## Requirement
Could you print exactly the lines of the listing below, starting at the line that has "Stauden Leucanthemum Western Star" and ending at the line that has "Image from Anubis (Nubi)", and only those lines?
.....
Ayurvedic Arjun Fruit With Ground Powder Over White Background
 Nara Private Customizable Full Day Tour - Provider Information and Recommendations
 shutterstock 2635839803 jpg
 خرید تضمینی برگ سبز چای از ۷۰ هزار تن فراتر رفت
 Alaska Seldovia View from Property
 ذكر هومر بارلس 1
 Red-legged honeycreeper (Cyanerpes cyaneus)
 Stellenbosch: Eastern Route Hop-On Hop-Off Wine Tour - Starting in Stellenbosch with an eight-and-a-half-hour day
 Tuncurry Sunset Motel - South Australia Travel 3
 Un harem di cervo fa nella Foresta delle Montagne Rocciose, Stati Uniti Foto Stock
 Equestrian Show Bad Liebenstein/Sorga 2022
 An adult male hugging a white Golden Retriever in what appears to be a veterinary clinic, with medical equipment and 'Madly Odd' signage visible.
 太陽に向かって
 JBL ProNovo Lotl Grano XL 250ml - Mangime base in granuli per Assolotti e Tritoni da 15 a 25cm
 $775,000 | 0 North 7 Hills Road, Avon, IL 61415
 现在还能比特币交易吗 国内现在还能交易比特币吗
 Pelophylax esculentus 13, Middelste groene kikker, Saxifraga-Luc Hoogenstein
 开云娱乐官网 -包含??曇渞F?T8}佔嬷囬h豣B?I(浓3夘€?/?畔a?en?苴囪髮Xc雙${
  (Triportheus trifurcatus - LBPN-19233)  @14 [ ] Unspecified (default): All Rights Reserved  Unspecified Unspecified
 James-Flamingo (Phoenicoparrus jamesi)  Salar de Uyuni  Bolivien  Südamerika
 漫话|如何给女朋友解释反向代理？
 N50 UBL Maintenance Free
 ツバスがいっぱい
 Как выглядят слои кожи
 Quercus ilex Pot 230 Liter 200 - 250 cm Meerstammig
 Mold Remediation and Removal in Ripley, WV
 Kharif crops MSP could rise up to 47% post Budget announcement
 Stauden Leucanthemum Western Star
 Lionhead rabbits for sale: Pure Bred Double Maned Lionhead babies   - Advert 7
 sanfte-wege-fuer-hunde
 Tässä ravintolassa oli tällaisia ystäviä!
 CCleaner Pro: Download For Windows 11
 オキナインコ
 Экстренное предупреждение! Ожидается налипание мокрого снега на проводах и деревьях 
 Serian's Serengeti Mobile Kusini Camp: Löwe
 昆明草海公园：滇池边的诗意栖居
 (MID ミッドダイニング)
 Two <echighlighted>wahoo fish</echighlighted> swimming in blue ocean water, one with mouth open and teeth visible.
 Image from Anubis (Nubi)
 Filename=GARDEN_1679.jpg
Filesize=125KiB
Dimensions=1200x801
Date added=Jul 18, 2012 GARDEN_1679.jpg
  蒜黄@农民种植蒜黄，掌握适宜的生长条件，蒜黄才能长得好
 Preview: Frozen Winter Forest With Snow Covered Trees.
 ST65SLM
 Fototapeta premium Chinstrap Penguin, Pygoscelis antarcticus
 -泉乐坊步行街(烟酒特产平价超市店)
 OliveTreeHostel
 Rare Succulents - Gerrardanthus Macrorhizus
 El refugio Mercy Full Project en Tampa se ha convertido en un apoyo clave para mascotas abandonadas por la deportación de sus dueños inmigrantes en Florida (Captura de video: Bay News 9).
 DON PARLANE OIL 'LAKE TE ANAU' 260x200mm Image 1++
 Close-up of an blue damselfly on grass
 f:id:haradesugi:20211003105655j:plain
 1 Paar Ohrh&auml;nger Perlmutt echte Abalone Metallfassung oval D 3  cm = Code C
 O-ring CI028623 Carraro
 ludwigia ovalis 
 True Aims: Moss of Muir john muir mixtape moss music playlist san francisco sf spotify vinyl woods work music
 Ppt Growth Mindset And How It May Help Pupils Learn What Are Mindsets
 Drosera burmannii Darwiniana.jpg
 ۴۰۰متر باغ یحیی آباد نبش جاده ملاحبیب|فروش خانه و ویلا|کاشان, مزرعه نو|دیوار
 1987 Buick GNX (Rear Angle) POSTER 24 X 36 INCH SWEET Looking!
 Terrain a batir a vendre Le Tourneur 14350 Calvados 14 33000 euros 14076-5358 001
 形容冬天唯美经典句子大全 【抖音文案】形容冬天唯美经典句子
.....
## Completed exercise
 Stauden Leucanthemum Western Star
 Lionhead rabbits for sale: Pure Bred Double Maned Lionhead babies   - Advert 7
 sanfte-wege-fuer-hunde
 Tässä ravintolassa oli tällaisia ystäviä!
 CCleaner Pro: Download For Windows 11
 オキナインコ
 Экстренное предупреждение! Ожидается налипание мокрого снега на проводах и деревьях 
 Serian's Serengeti Mobile Kusini Camp: Löwe
 昆明草海公园：滇池边的诗意栖居
 (MID ミッドダイニング)
 Two <echighlighted>wahoo fish</echighlighted> swimming in blue ocean water, one with mouth open and teeth visible.
 Image from Anubis (Nubi)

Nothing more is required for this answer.